O-Ton Wolfgang Richter aus der Reportage: "Die Chaoten sind unten durch die Tür eingedrungen! Ich habe schon telefoniert, die Polizeiinspektion Lütten Klein hat es nicht begriffen, die haben es nicht begriffen, was hier vorgeht!"

Katrin Heise: So der damalige Ausländerbeauftragte in Rostock, Wolfgang Richter. Er hatte dieses Amt damals gerade mal seit einem Jahr inne. Wolfgang Richter ist jetzt am Telefon. Ich grüße Sie, Herr Richter!

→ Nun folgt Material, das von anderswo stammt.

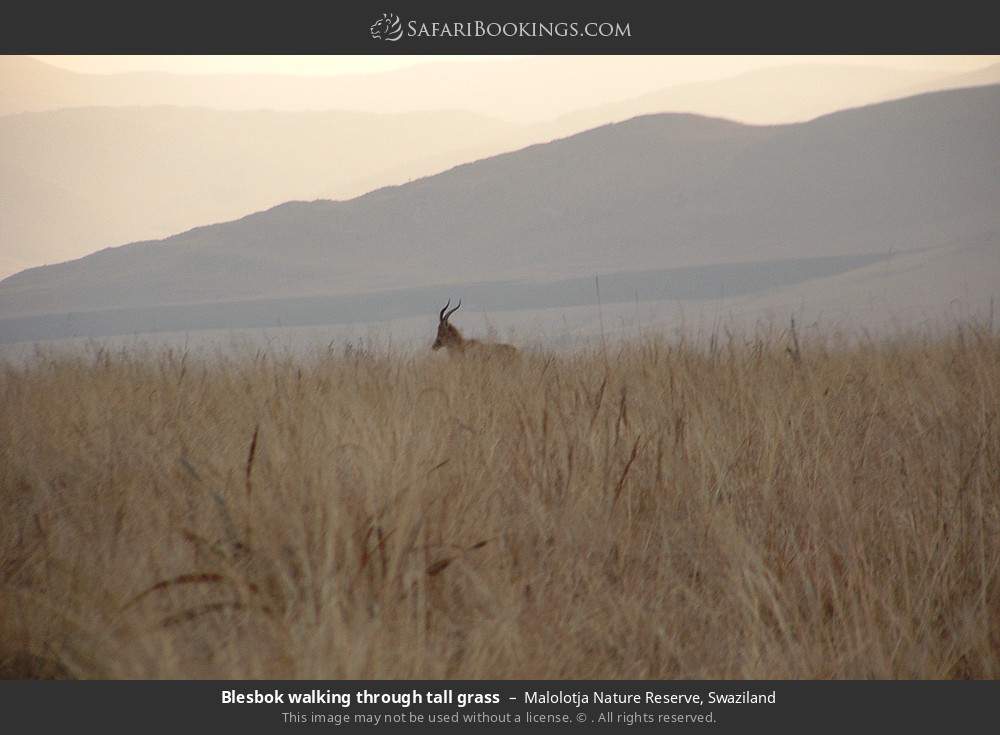 Blesbok walking through tall grass in Malolotja Nature Reserve, Swaziland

Wolfgang Richter: Ich grüße Sie, Frau Heise!

Heise: Man hörte eben Ihre äußerste Not und Verzweiflung. Was geht Ihnen, wenn Sie das jetzt so nach 20 Jahren wieder hören, was geht Ihnen da durch den Kopf?

Richter: Dann sind die Bilder von damals wieder da. Und es war genau dieser Moment, wo uns klar geworden ist: Von Polizei, von Feuerwehr können wir keine Hilfe bekommen, wenn wir uns aus diesem brennenden Haus befreien wollen, dann können wir es nur selber tun. Und der einzige Weg, der für uns offen war, war der zum Dach hoch, um dann eben über das lange Wohnblockdach aus diesem brennenden Bereich fliehen zu können.

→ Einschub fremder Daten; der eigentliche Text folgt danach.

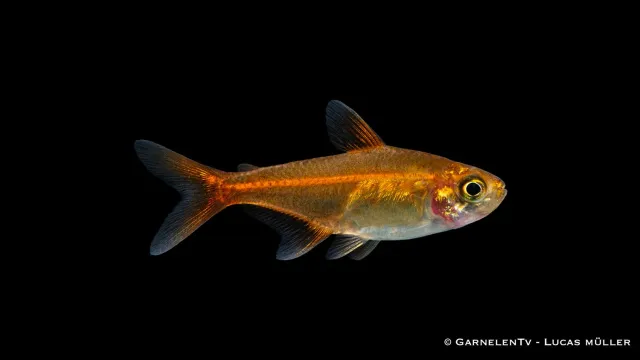 Garnelen TV Hyphessobrycon amandae glödtetra orange stim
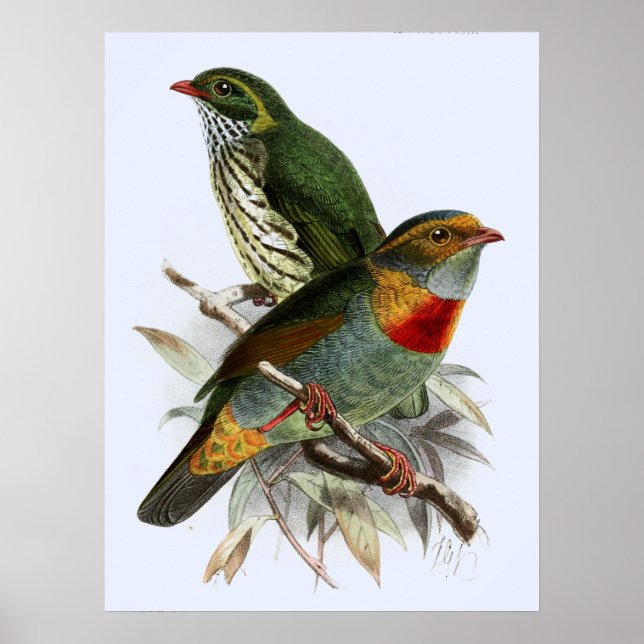 Vintag John Keulemans Red banded Fruiteater Poster (Vorne)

Heise: Das war lebensgefährlich. Die 150 Vietnamesen, denen die Angriffe ja galten, mit denen Sie im Haus waren, die hatten ja teilweise seit Jahren in der DDR gearbeitet, waren auch sozusagen Nachbarn, wenn auch abgeschottete Nachbarn. Wie haben die reagiert?

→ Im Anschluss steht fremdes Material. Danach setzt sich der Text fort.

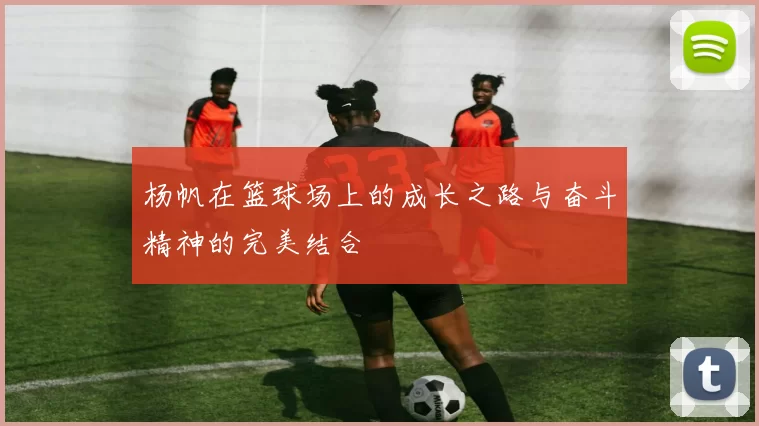 杨帆在篮球场上的成长之路与奋斗精神的完美结合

Richter: Es war für sie erst einmal unverständlich, als am Sonnabend diese Gewalt losbrach. Weil das Problem war ja die völlig überfüllte zentral Anlaufstelle für Flüchtlinge, die Flüchtlinge, die auf der Wiese lagern mussten, bevor sie ihren Asylantrag stellen konnten. Und immer kam so ein Nachsatz von Anwohnern, die zum Teil auch übelste rassistische Beschimpfungen gegenüber den Flüchtlingen aus Rumänien, den Roma, hatten: "Aber die Vietnamesen meinen wir nicht". Und in dem Moment, als der erste Stein am Sonnabend flog, flog dieser Stein in das Wohnheim der Vietnamesen, weil das einfach in der Hauptangriffsrichtung lag. Und von diesem Moment an waren die Vietnamesen im Zentrum der Gewalt.

Heise: Mich interessiert die Rolle der Polizei. Sie haben es ja eben auch angesprochen. In dem Ausschnitt, den wir gehört haben: "Sie haben das nicht begriffen, was hier vorgeht". Haben die das wirklich nicht begriffen oder hatten sie die Order, die Augen zu schließen?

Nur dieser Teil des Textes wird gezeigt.